Thursday, November 20, 2014

A Day Out with Mom: Mom and Dad's Honeymoon

"We traveled around in Lake County on our honeymoon, and my dad stayed at our place to make sure nothing was stolen," Mom says. Before age set in, before the Alzheimer's/dementia, before the stroke, Dad drove some sweet rigs down the highway, Mom sitting beside him. Some of those rides we kids also rode along on trips to the ocean or trips to the Sierra Nevadas.

The photo above was the rig Dad pulled on Mom and Dad's honeymoon. Looks like a great set-up! I believe Mom said there was a cooking station in the back and a bed before it, but it took some arranging to get it all set.

Mom had lived some in Lake County as a little girl. I later lived in the area at Cobb Mountain in my early 20's.
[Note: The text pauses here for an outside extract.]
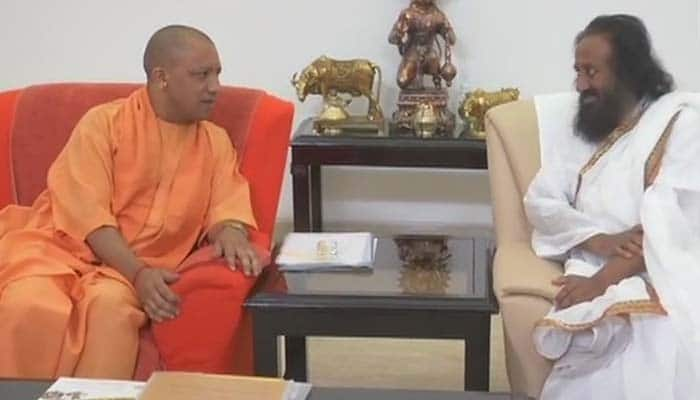 Sri Sri&#039;s Ayodhya mediation act intensifies, meets Yogi Adityanath 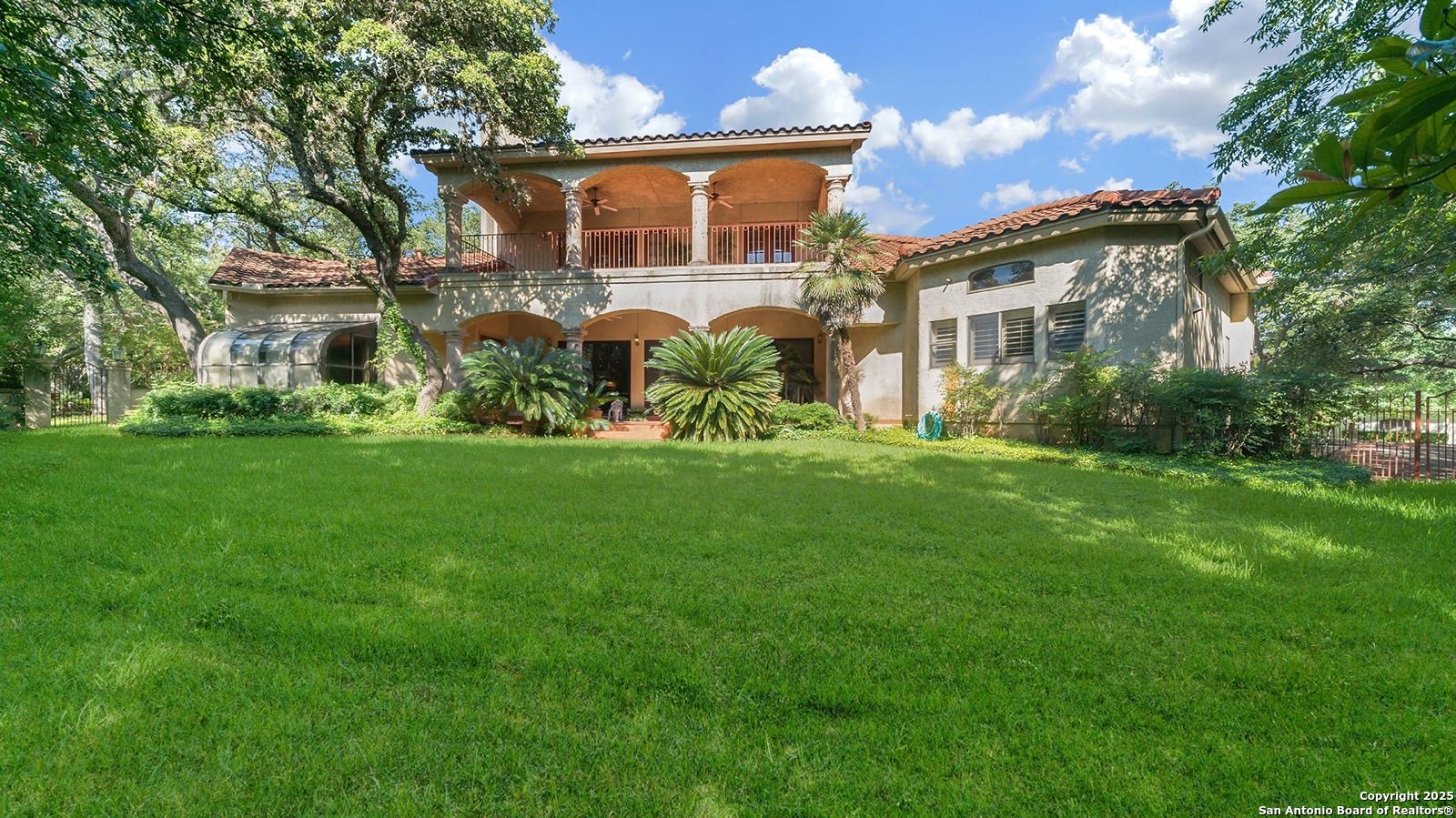 11710 Elmscourt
Mom and Dad were married in August, so it must have been hot for camping, but the mountains must have provided some coolness from the elevation.
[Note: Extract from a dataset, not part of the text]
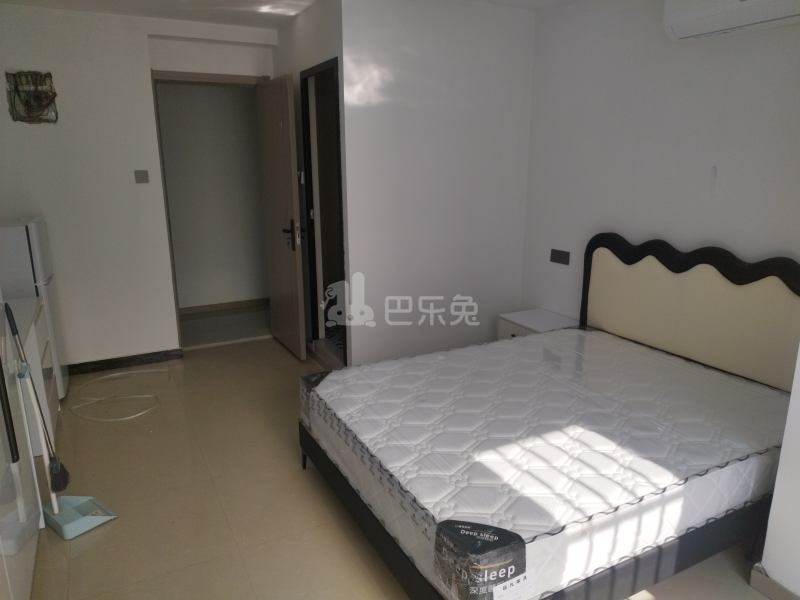 巷佳华苑2期18155633卧室图3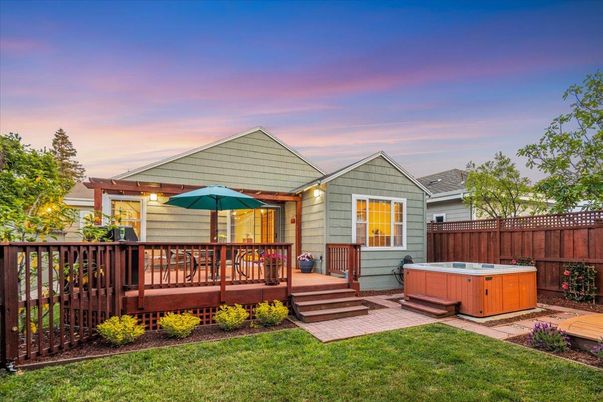 Exterior, Hot Tub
I love the convertible Dad was driving. Anybody know the make and model? Remember that Mom never drove because of her poor eyesight.

This was in 1946. I have this picture in my mind: Mom and Dad newly married, their family waving them off from their new home, the top down, the sun bright and hopeful. 

I'll ask Mom about it, though. It's a wonderful story--not much money, so that's why they camped. The whole world ahead of them.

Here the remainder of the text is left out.